Sorry about the zip file, but Github don't allow direct uploading of .py or .tar files. bug_report.zip https://github.com/claird/PyPDF4/files/2682558/bug_report.zip

— You are receiving this because you are subscribed to this thread. Reply to this email directly, view it on GitHub https://github.com/claird/PyPDF4/issues/24, or mute the thread https://github.com/notifications/unsubscribe-auth/AAbN9E7aBecSaHbEcZM1OaokPhzFNiWCks5u5Ng2gaJpZM4ZUr80 .

acsor commented 5 years ago

Hi @holdenweb, thanks for the report. As you might know, PyPDF v4 is still undergoing a (slow) restructuring phase. Apparently I've been the only one to look forward its enhancement in the last months.

One of my primary concerns was to have the codebase look much cleaner and maintanable. We are familiar with these kinds of errors, it just takes time (that at the moment I lack) to solve them.

Meanwhile PyPDF2 might be a more stable, albeit obsolete, choice.

holdenweb commented 5 years ago

No worries - this is just a data point about a PyPDF program I was testing before submitting a PR. Perfectly happy to continue using PyPDF2.

xupengDu commented 4 years ago

I have the same problem and except someone to solve it with me

tsragland commented 3 years ago

Here's a workaround that worked for at least one use case. Maybe it will work for yours.

The problem seems to be that PdfFileWriter looks for a 'stream' attribute on the PdfFileWriter instance when performing some cleanup steps (_sweepIndirectReferences), and an error occurs because the PdfFileWriter class (as of 1.27.0) has no such attribute. However, that 'stream' attribute isn't referenced again in _sweepIndirectReferences.

A potentially viable workaround (until a fix for this issue is released) would be to create a wrapper class which extends PdfFileWriter with a 'stream' attribute, with its value set to an instance of BytesIO.
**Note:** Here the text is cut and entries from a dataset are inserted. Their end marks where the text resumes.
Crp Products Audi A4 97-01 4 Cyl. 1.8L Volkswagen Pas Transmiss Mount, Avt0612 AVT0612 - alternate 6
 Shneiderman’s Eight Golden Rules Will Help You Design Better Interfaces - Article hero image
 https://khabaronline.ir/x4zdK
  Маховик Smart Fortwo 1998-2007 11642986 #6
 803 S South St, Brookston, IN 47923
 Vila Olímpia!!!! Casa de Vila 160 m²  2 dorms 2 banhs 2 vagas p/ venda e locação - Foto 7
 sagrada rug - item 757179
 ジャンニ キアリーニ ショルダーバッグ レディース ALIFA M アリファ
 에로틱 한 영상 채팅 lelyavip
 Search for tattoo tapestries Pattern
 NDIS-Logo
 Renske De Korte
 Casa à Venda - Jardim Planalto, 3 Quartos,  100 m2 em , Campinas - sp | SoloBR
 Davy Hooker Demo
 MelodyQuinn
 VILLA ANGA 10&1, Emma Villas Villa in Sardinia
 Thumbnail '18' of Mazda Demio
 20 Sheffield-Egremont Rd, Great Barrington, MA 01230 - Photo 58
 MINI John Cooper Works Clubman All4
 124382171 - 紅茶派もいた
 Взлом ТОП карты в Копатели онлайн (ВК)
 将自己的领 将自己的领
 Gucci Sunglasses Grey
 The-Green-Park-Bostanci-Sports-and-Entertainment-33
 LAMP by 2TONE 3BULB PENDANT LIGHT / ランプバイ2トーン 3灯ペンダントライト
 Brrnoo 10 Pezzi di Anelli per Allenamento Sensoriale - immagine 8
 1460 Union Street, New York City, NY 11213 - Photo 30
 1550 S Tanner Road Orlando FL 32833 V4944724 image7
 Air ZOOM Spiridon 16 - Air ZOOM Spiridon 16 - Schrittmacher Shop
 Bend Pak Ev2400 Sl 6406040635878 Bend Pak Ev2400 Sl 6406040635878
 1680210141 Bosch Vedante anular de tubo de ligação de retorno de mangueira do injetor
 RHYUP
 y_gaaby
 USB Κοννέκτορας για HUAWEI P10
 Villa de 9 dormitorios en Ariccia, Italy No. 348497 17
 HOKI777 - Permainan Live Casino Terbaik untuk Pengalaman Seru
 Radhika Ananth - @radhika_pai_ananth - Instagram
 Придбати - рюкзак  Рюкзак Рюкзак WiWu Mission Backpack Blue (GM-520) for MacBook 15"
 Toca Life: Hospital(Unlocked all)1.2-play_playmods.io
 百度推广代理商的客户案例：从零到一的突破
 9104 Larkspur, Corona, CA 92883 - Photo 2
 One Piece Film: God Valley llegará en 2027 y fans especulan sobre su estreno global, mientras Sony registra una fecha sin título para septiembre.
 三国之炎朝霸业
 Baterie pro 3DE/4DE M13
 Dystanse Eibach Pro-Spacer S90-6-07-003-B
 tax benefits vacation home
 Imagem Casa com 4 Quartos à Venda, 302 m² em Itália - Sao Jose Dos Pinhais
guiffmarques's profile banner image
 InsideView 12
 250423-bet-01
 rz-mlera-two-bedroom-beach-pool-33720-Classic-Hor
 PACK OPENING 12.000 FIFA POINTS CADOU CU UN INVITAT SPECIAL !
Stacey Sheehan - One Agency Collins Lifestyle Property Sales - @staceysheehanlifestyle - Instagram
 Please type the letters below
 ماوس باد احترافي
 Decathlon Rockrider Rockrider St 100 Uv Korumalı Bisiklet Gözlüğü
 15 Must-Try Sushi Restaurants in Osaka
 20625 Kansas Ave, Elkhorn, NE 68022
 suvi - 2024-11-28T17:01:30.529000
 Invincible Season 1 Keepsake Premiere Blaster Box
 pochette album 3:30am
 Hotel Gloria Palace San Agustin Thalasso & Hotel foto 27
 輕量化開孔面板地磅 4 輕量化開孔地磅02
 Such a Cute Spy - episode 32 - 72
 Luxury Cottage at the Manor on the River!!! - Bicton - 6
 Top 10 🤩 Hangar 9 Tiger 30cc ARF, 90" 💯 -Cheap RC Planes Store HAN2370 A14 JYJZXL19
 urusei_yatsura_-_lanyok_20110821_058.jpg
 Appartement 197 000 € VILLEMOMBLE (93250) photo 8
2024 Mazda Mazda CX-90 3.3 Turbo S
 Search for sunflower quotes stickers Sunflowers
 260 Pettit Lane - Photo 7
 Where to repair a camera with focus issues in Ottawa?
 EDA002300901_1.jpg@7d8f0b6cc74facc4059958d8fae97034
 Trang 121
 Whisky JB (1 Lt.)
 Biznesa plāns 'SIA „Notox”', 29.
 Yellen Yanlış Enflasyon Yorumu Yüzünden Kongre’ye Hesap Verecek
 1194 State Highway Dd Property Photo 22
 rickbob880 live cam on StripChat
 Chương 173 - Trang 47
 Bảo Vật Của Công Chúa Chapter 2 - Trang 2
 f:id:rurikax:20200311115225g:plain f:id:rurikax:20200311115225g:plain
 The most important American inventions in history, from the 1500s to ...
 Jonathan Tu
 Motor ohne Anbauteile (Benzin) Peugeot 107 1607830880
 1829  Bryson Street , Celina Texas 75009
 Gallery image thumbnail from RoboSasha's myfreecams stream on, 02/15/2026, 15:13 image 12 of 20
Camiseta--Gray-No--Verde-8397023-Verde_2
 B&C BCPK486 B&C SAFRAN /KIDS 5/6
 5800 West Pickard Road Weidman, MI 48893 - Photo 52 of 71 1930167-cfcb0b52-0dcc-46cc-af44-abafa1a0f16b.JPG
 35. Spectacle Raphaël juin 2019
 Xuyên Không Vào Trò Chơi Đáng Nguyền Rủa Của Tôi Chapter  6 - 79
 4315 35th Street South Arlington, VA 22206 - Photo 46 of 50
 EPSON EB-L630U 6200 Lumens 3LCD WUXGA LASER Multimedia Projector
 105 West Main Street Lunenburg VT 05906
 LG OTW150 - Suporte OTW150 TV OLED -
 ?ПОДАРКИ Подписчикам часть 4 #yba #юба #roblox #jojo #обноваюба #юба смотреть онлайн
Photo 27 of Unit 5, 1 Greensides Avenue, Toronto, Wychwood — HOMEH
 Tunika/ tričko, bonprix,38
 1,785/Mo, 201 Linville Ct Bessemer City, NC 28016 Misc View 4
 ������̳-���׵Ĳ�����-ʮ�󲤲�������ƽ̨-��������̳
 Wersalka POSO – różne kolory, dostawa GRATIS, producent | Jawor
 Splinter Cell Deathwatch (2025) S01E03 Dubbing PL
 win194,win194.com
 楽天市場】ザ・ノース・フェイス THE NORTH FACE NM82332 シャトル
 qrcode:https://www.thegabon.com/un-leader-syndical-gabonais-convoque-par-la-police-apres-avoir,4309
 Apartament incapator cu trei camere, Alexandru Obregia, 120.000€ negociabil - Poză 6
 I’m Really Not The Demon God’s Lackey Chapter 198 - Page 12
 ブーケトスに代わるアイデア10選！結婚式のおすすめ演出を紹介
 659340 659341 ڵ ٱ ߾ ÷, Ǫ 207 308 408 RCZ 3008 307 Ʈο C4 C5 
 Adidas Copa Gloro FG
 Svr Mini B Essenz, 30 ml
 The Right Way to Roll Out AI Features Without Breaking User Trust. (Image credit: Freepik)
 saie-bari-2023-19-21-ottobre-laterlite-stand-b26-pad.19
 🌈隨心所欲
Use at your own risk. This is simply a workaround, which works in one case, but may or may not work for your case.

from io import BytesIO
from PyPDF4 import PdfFileWriter

class PdfFileWriterWithStreamAttribute(PdfFileWriter):
    def __init__(self):
        super().__init__()
        self.stream = BytesIO()
holdenweb commented 2 years ago

Hmm, sensible workaround. Seems like the bug classification is correct!